Wire to Wire is a smart and beautiful book about losers—aimless, glue sniffing, speed freak, train hopping, mostly rural, accidentally homicidal losers. [Sparling's] prose is so good, his characters so vivid and the pace so gracefully relentless that we willingly jump on the train to nowhere as it slices through the chilly northern Michigan night, in the company of Slater, who perceives with gorgeous intensity and is virtually incapable of deciding anything, of Harp the adventurer, obsessively compulsive in his rail riding, of lovely, damaged, heroically addicted Lane, who sleeps with both of them.

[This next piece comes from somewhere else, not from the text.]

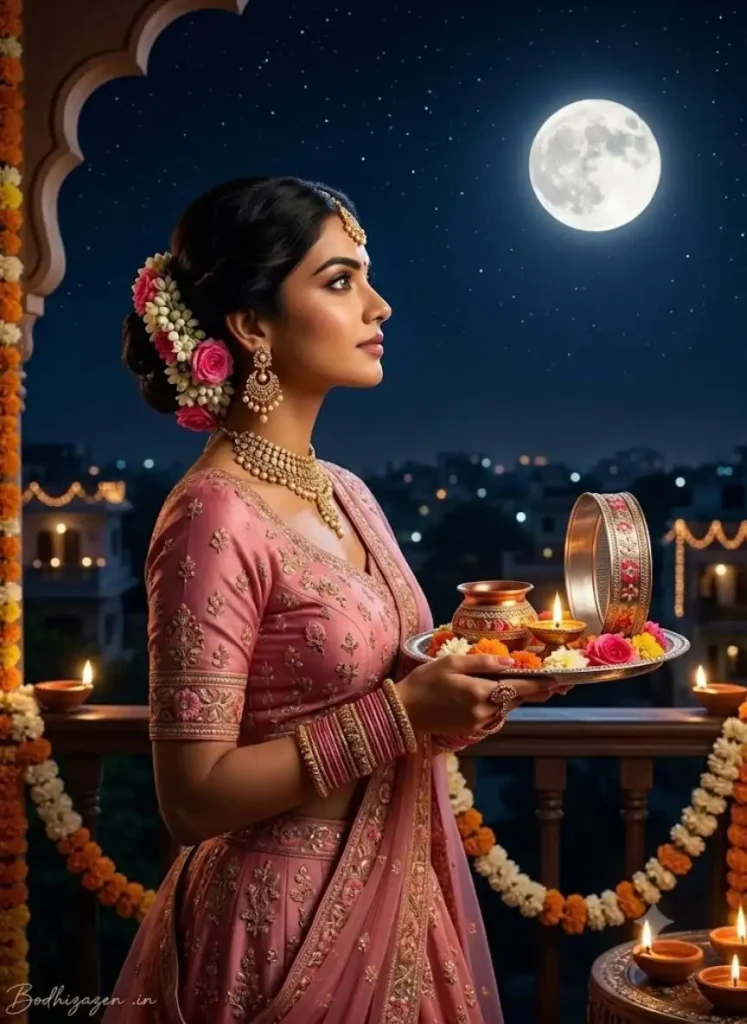 Karwa Chauth AI Photo Prompt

A gaggle of finely drawn secondary characters populates the alternating here and nows the story moves between, not a stereotype among them, while the narrative engine gains speed as implacably as a bullet train or a Greek tragedy. All this sounds terribly serious, but Sparling’s spare prose comes with a glint of wit and a persistent quirky intelligence that does two singular things—it completely seduces the reader and convincingly asserts that even the most hapless among us lead rich and complicated lives.

The extremely smart people at Tin House describe it this way:

While riding a freight car through Detroit, Michael Slater suffers a near-fatal accident—a power line to the head. After a questionable recovery and a broken relationship, he abandons his new home in the Arizona desert, but not before leaving a man for dead. Slater returns to Michigan in a busted-up Ford to reunite with an old train-hopping pal, but quickly discovers that the Pleasant Peninsula of his youth is none too pleasant. As Slater’s past catches up with his present—a love triangle, a local drug dealer, the damaged residents of a destitute Northern Michigan town—rock bottom keeps slipping farther away.

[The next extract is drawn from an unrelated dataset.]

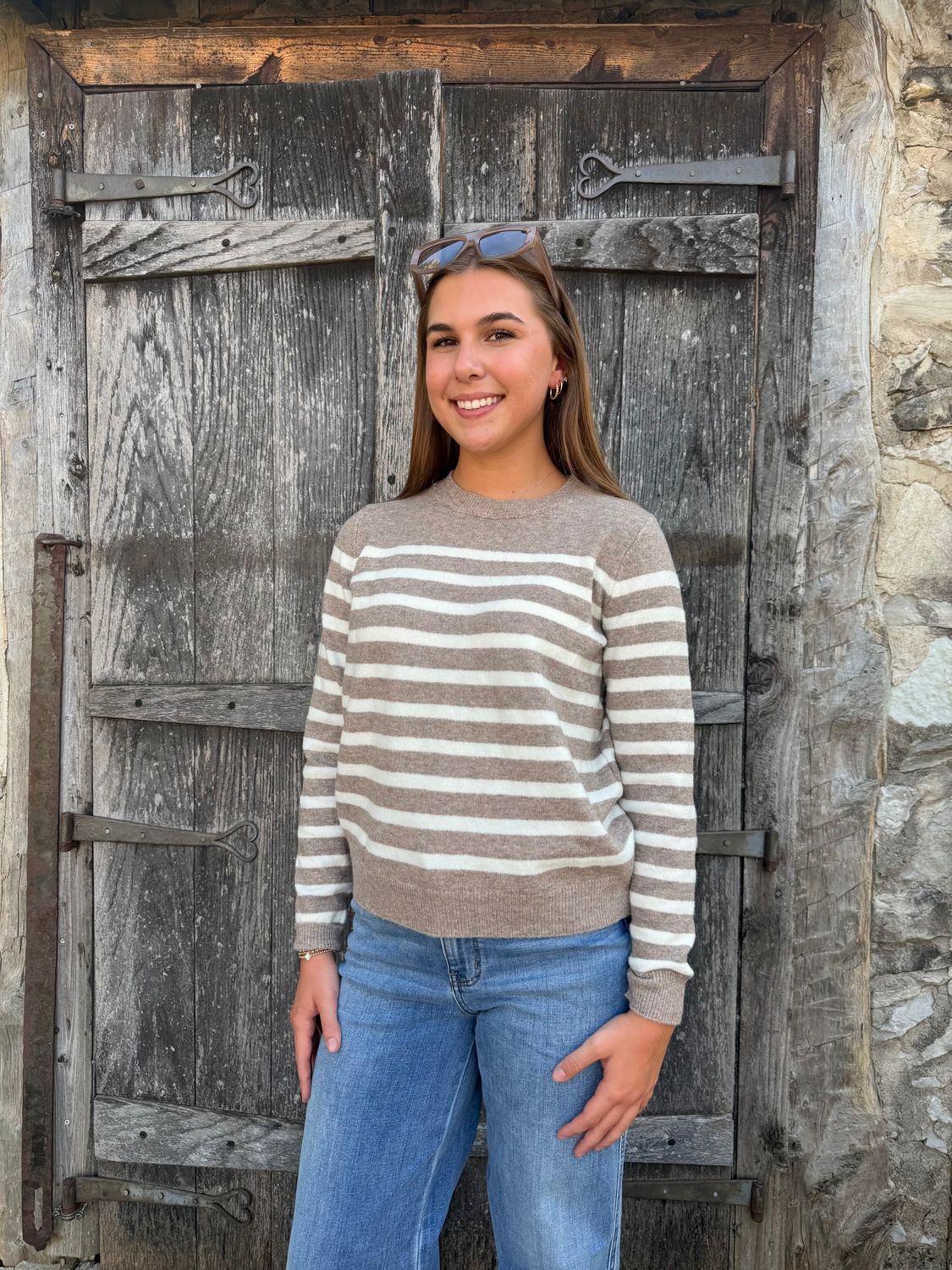 Becca’s Striped Sweater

Three years later, Slater sits in a dark video-editing suite, popping speed like penny candy, attempting to reconcile himself with the unfilmed memories that haunt his screens and his conscience.

There was music in my head all the time I was writing Wire to Wire. Some of it might give you a clue as to what I was thinking. At various times, I imagined using lyrics from three songs as epigraphs, starting with this from Dylan:

Ain’t it just like the night to play tricks when you’re tryin' to be so quiet?
We sit here stranded, though we’re all doin’ our best to deny it
And Louise holds a handful of rain, temptin’ you to defy it
Lights flicker from the opposite loft
In this room the heat pipes just cough
The country music station plays soft
But there’s nothing, really nothing to turn off
Just Louise and her lover so entwined
And these visions of Johanna that conquer my mind.

— Visions of Johanna

And this from Joni Mitchell:

There's no comprehending
Just how close to the bone and the skin and the eyes
And the lips you can get
And still feel so alone
And still feel related
Like stations in some relay

— Coyote

And this from Bo Diddley:

Night was dark, but the sky was blue,
Down the alley, the ice-wagon flew,
Heard a bump, and somebody screamed,
You should have heard just what I seen.

— Who Do You Love

In the end, we went with a quote from the Tao Te Ching—"In action, watch the timing"—and the Michigan state motto: "If you seek a pleasant peninsula, look about you."

 

 

 

 

Scott Sparling lives near the railroad tracks in Sucker Lake, Oregon, a place that might or might not exist. He grew up in Michigan, graduated from Antioch College in Ohio, and now runs Segerfile.com.